__DATA FOR REVIEW__
————————

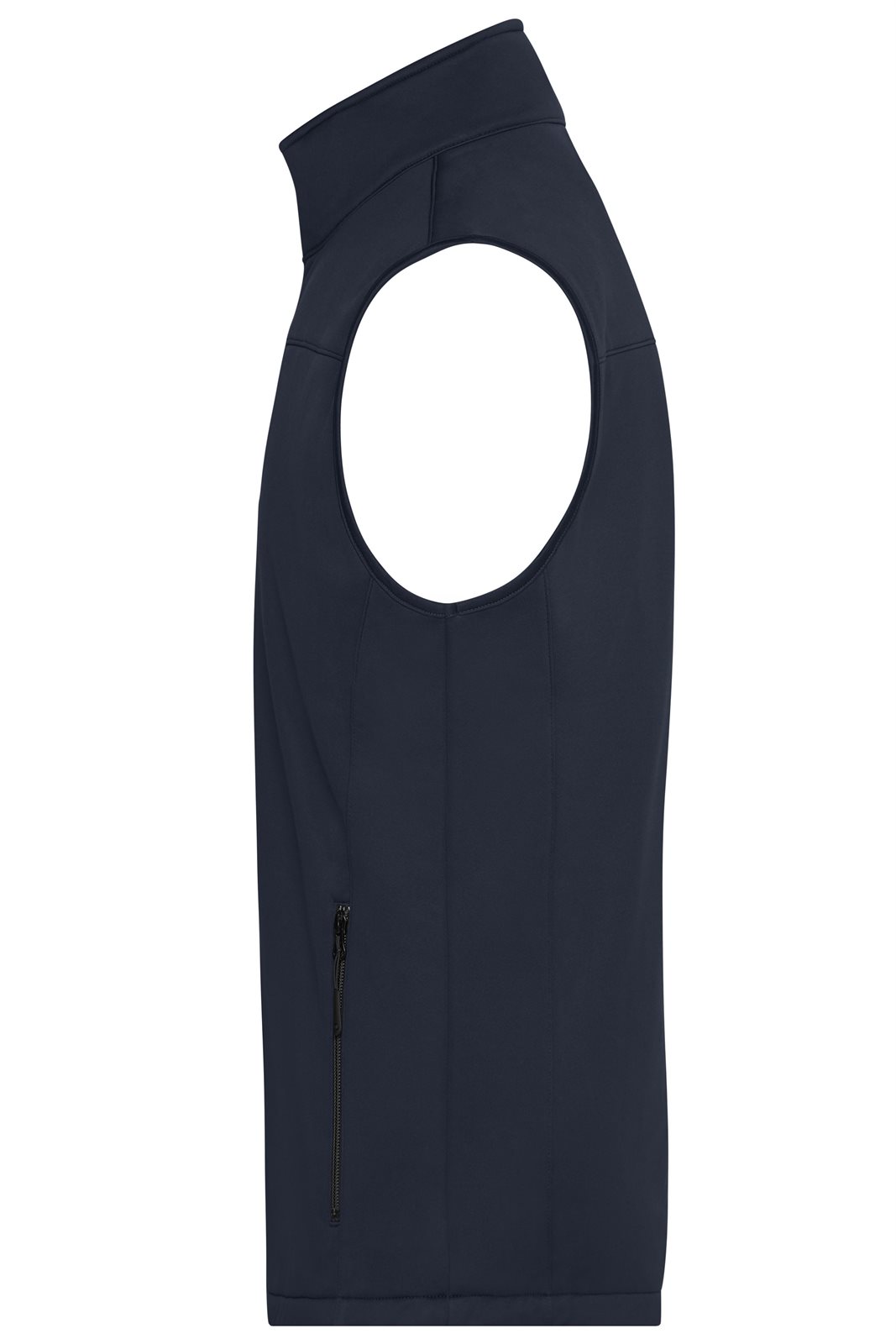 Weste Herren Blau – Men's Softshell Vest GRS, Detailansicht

————————

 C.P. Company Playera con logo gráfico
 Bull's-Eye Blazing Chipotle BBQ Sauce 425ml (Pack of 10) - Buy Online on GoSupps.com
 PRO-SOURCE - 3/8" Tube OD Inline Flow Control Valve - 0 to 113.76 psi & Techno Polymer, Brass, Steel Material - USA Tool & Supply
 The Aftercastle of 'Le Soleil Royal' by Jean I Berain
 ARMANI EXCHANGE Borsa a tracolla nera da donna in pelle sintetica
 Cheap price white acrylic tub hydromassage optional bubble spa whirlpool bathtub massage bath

————————

__WORK ITEM__
In the listing above, the lines from the one containing "ARMANI EXCHANGE Borsa" through the one containing "Cheap price white" must be set down exactly, with no other lines.

__EXERCISE ANSWER__
 ARMANI EXCHANGE Borsa a tracolla nera da donna in pelle sintetica
 Cheap price white acrylic tub hydromassage optional bubble spa whirlpool bathtub massage bath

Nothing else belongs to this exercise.